Isaiah dreamed of a time when this kind of division ended.  The wolf will lie down with the lamb, the wild will coexist with the tame, the carnivore with the herbivore, the poisonous with the helpless.  There will be no more villains and heroes but one creation where all will coexist.  The Green Party and the Wildrose Party will find things they can agree on, and oil workers and environmentalists will be friends. The warmongers and the peacemakers will live calmly side by side in safety and security.  It’s quite the utopian vision and Isaiah sees it as a real possibility worth working towards.

Matthew’s story of John the Baptizer is a similar message.  “Change your hearts and minds,” he preached.  Start looking at the world with different eyes.  John calls us to examine how we think of the world around us, our community, our neighbors, our family and our friends.  Just as he called out the religious leaders who came to see him, he calls us to challenge our assumptions.  How do we see ourselves?  How do we see others?  Are we caught up in either or thinking, us vs them, winners and losers, bad guys and good guys?

John calls us to think in new ways: we are to have a spirit of wisdom and understanding, a spirit of counsel and strength, to stop judging based on appearances, or make decisions because of gossip and rumor. 
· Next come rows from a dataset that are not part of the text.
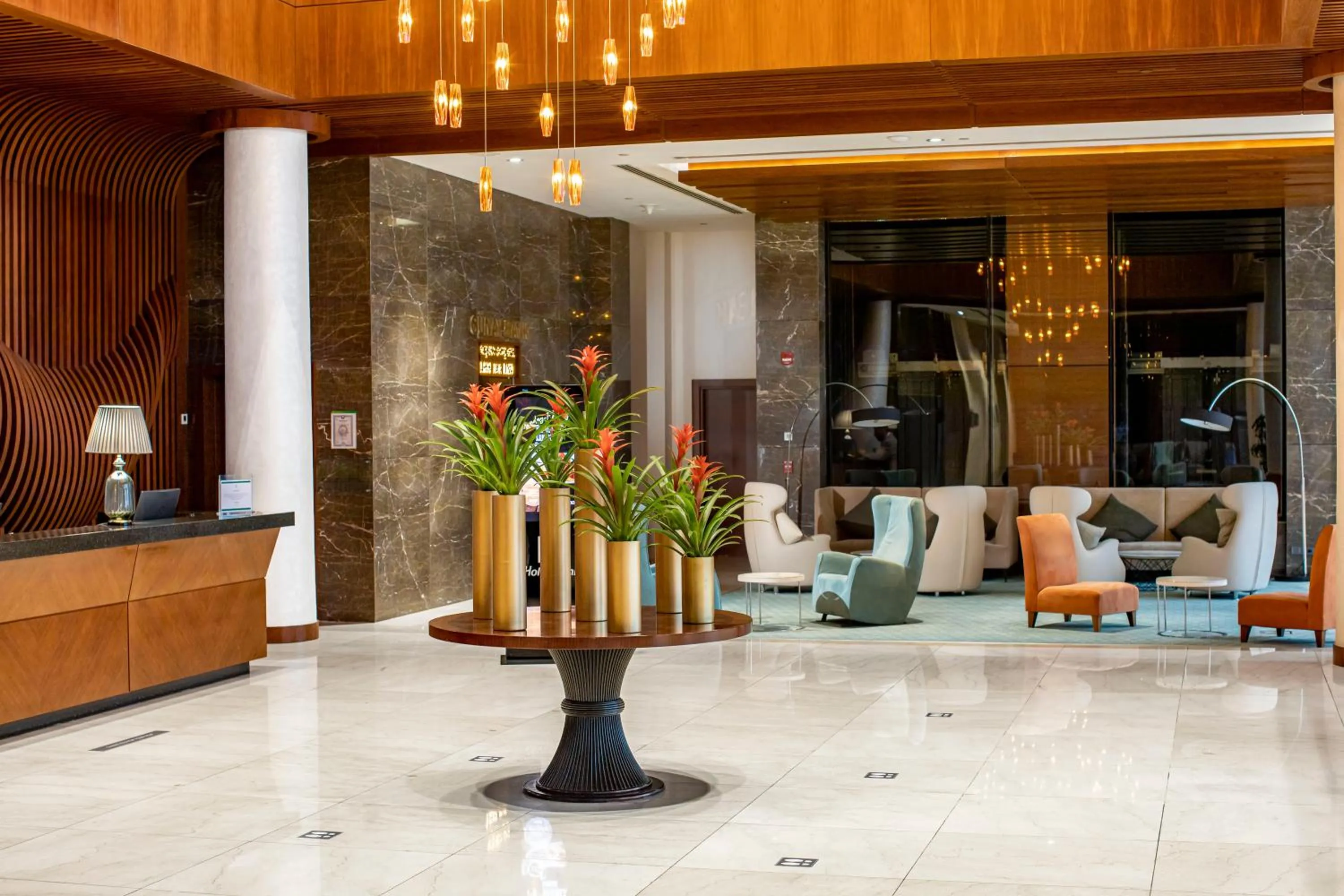 Lobby or reception in Holiday Inn Baku by IHG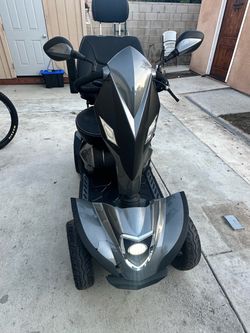 4-Wheel Electric Mobility Scooter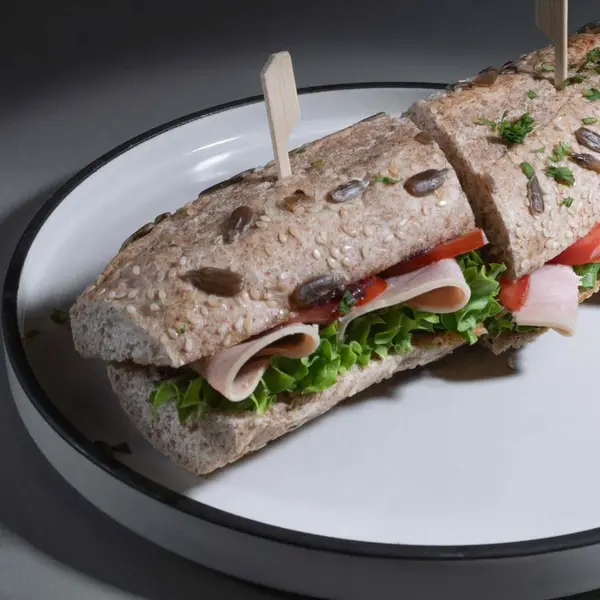 caf-cafe - Turkey Ham Sandwich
What is wisdom, then and how do we think in these new ways?  Some theologians say that wisdom is about changing how we think and act, whereas knowledge is solely about gathering information and data.  Data is easy.  With google, in seconds we know that the experience we had of the earth shifting under our feet wasn’t imaginary, and we can even put a number onto it, 5.8.  That’s data.  Knowledge.  Wisdom is when we stay calm and don’t buy into alarmist theories or wild speculation about why the earthquake happened.

How do we grow in wisdom?  Two things are helping me – reminding myself that an issue might be a ‘both and’ topic like pears.  I can like them and dislike them, it doesn’t have to be ‘either or’.  What if I am right and you are too?  That is helping me stay calmer in the midst of conflict, not perfectly but slowly better.  Another thing I do is a mantra many life coaches encourage their clients to use.  “I tell myself the truth and frequently ask myself what I’m pretending not to know”. I think that is the ultimate wisdom, when we ask deep and honest questions of ourselves and our own opinions.  John sensed that the religious leaders were coming for baptism because they had deep questions of themselves that they didn’t even knew they had.  By visiting John, they challenged their own thinking.  Some may have even joined the Jesus movement, like Joseph of Arimathea and Nicodemus who buried Jesus in the Tomb on Good Friday.  By asking questions of ourselves, looking for both and, and listening to the call of prophets to work towards God’s vision of Peace on Earth, we can follow the path of wisdom God wishes for us all.  And when that happens, fruit of the spirit come to us, especially Peace, a gift of the Creator for us all.